_Data provided:_
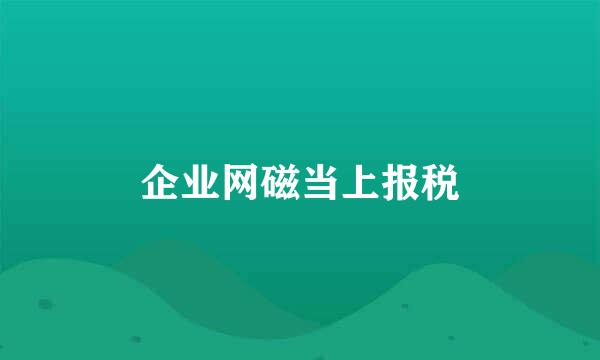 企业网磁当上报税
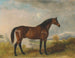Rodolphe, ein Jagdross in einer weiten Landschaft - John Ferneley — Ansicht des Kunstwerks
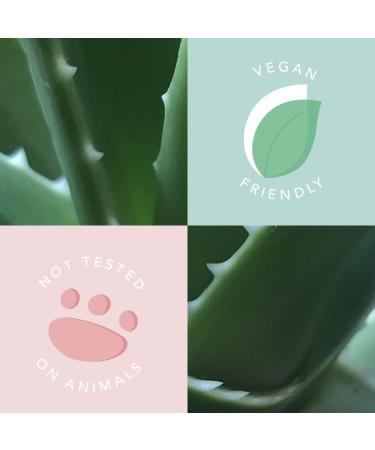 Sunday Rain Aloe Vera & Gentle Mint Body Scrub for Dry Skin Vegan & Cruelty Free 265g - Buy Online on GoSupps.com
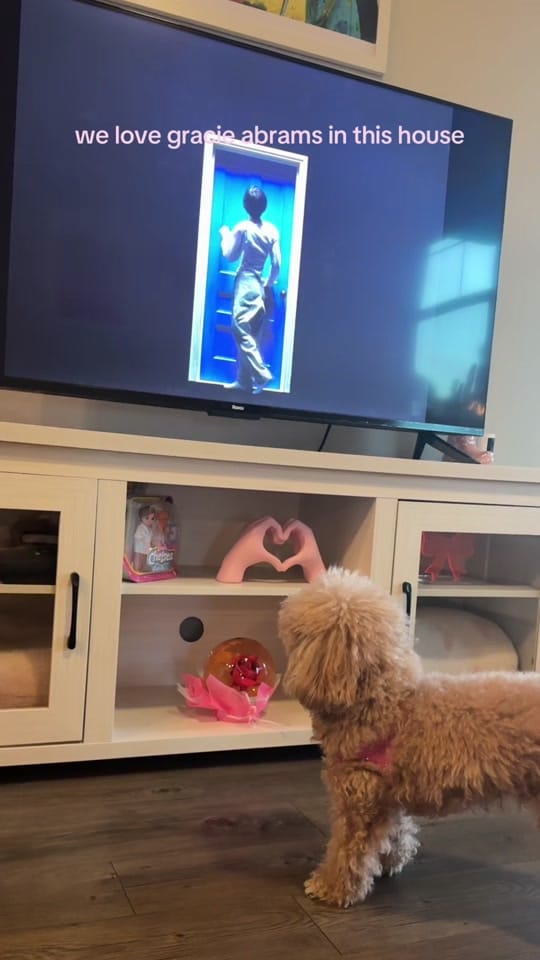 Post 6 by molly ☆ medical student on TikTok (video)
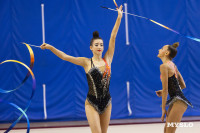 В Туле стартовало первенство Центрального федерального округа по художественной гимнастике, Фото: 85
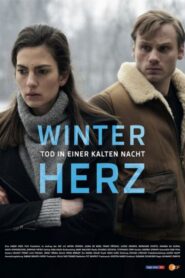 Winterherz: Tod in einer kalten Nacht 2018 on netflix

_About this task:_
Transcribe all entries above exactly. Omit the pictures.

_Answer space:_
 企业网磁当上报税
Rodolphe, ein Jagdross in einer weiten Landschaft - John Ferneley — Ansicht des Kunstwerks
 Sunday Rain Aloe Vera & Gentle Mint Body Scrub for Dry Skin Vegan & Cruelty Free 265g - Buy Online on GoSupps.com
 Post 6 by molly ☆ medical student on TikTok (video)
 В Туле стартовало первенство Центрального федерального округа по художественной гимнастике, Фото: 85
 Winterherz: Tod in einer kalten Nacht 2018 on netflix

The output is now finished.